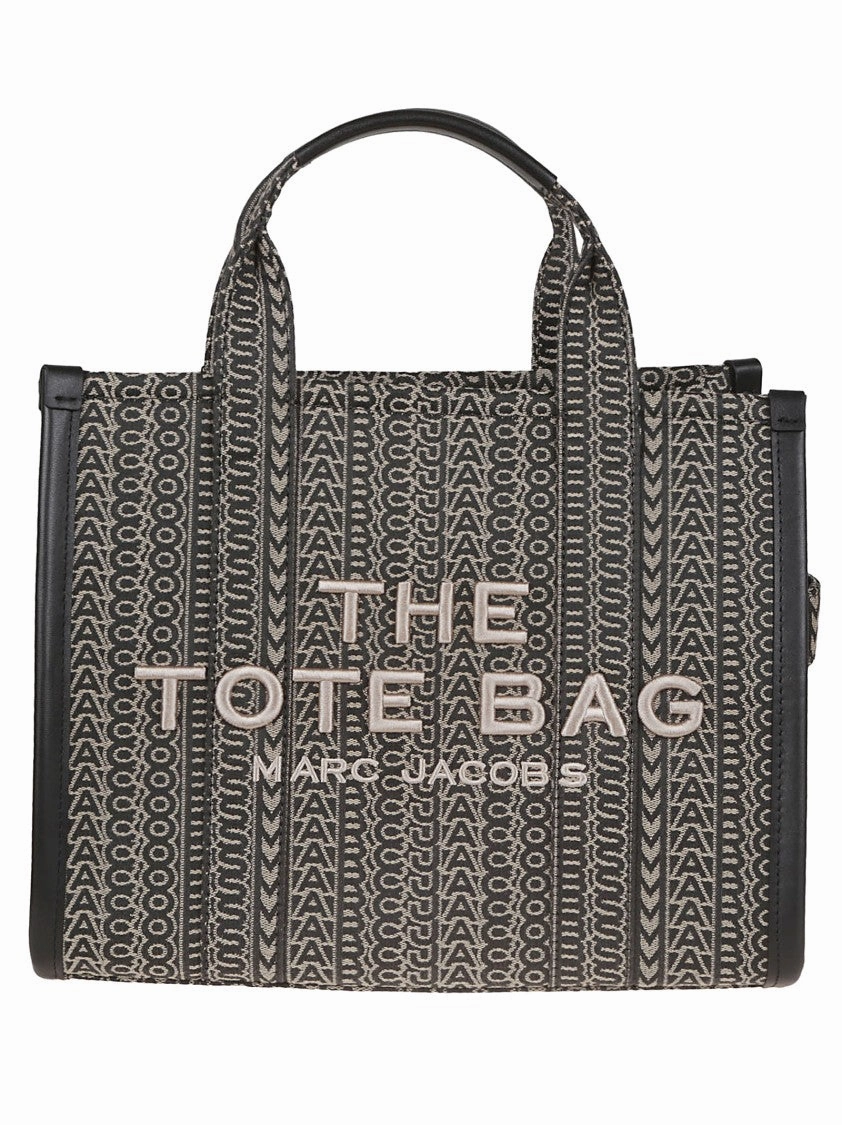 Structured Jacquard Tote Bag With Monogram Design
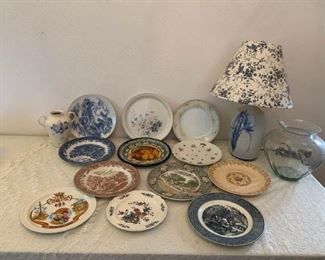 Collectible Plates, Vase, Lamp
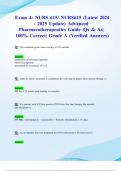 Exam 4&colon; NURS 615&sol; NURS615 &lpar;Latest 2024&sol; 2025 Update&rpar; Advanced Pharmacotherapeutics Guide &vert;Qs & As&vert; 100&percnt; Correct&vert; Grade A &lpar;Verified Answers&rpar;- Maryville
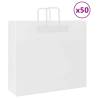 50 White Paper Bags with Handles - Eco-Friendly & Durable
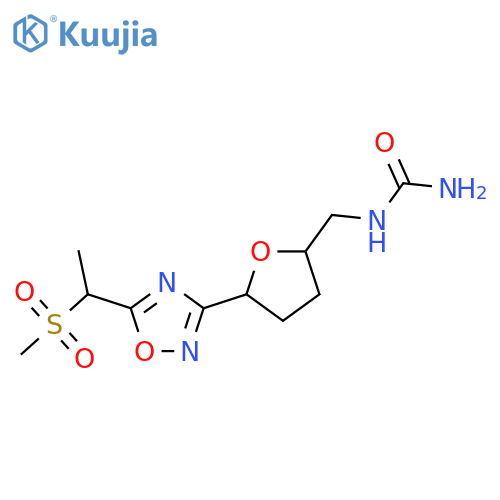 ({5-[5-(1-Methanesulfonylethyl)-1,2,4-oxadiazol-3-yl]oxolan-2-yl}methyl)urea structure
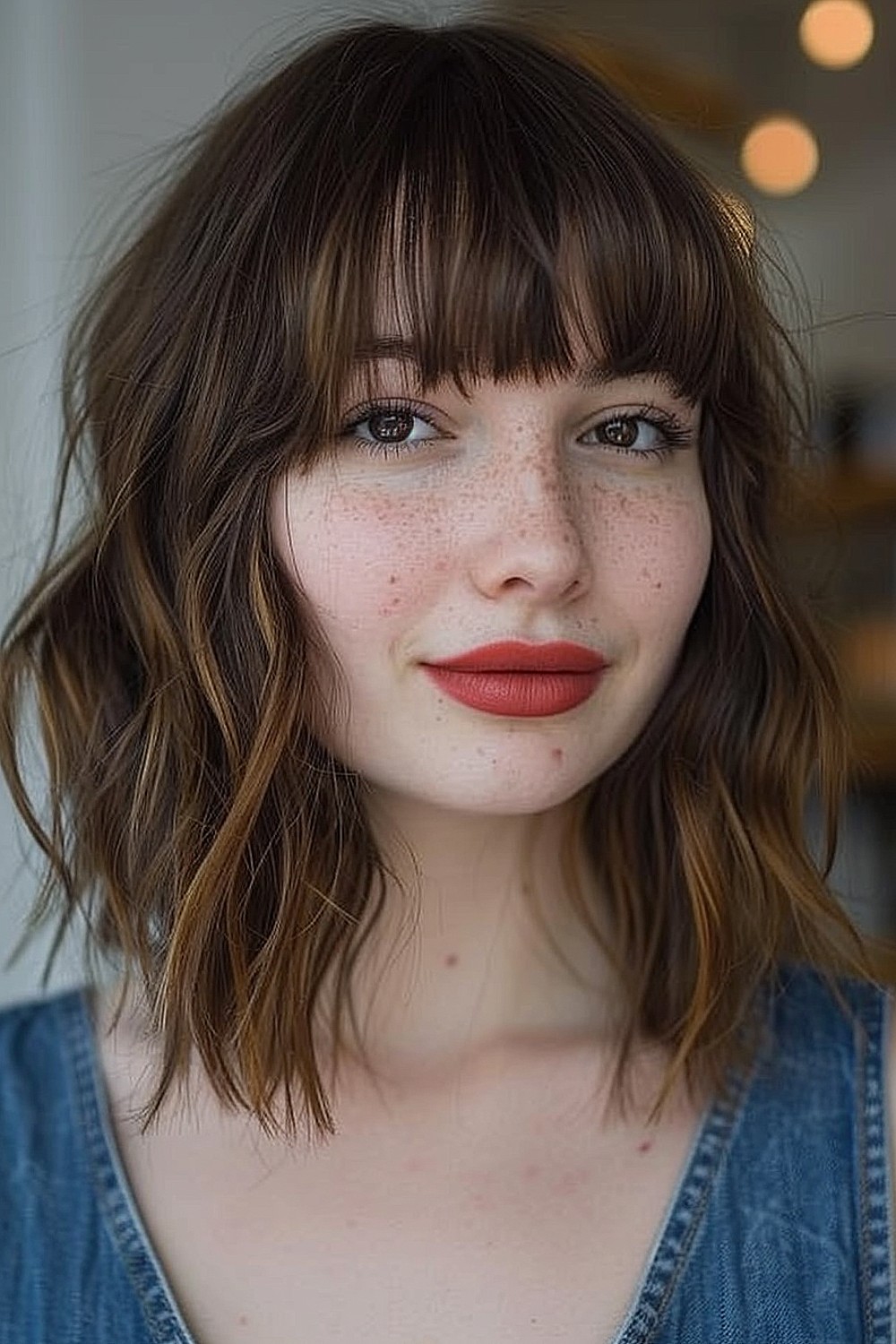 Wavy lob with blunt bangs and loose waves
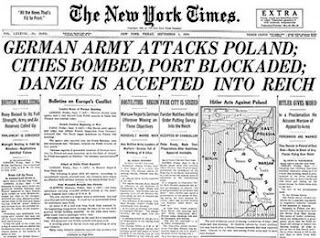 Headlines in newspaper after attack of Germany on Poland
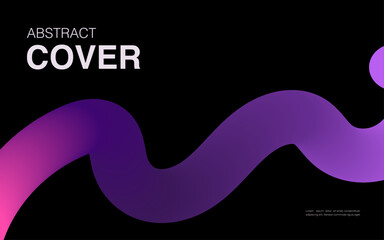  abstract horizontal banner, with neon gradient abstract free lines 3d  elements  on the black background, cover, wallpaper, web, copy space, template vector illustration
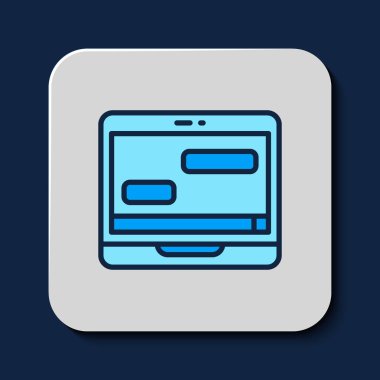 Mavi arkaplanda bulunan dizüstü bilgisayardaki yeni sohbet mesajları bildirimi dolduruldu. Smartphone sohbet mesajları konuşma baloncukları. Vektör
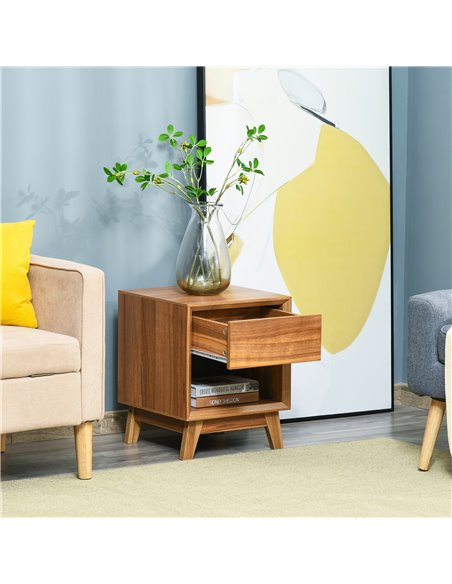 HOMCOM Bedside Table Nightstand, Modern End Table with Drawer and Shelf for Living Room, Walnut Brown 831-381 - pic 61091 | FastDaddyshop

***

**WHAT THE TASK ASKS**. Return exactly, and only, the lines that run from the line containing "Collectible Plates, Vase, Lamp" to the last line of the entries above, both ends included, with pictures left out.

**ANSWER BELOW**.
 Collectible Plates, Vase, Lamp
 Exam 4&colon; NURS 615&sol; NURS615 &lpar;Latest 2024&sol; 2025 Update&rpar; Advanced Pharmacotherapeutics Guide &vert;Qs & As&vert; 100&percnt; Correct&vert; Grade A &lpar;Verified Answers&rpar;- Maryville
 50 White Paper Bags with Handles - Eco-Friendly & Durable
 ({5-[5-(1-Methanesulfonylethyl)-1,2,4-oxadiazol-3-yl]oxolan-2-yl}methyl)urea structure
 Wavy lob with blunt bangs and loose waves
 Headlines in newspaper after attack of Germany on Poland
  abstract horizontal banner, with neon gradient abstract free lines 3d  elements  on the black background, cover, wallpaper, web, copy space, template vector illustration
 Mavi arkaplanda bulunan dizüstü bilgisayardaki yeni sohbet mesajları bildirimi dolduruldu. Smartphone sohbet mesajları konuşma baloncukları. Vektör
 HOMCOM Bedside Table Nightstand, Modern End Table with Drawer and Shelf for Living Room, Walnut Brown 831-381 - pic 61091 | FastDaddyshop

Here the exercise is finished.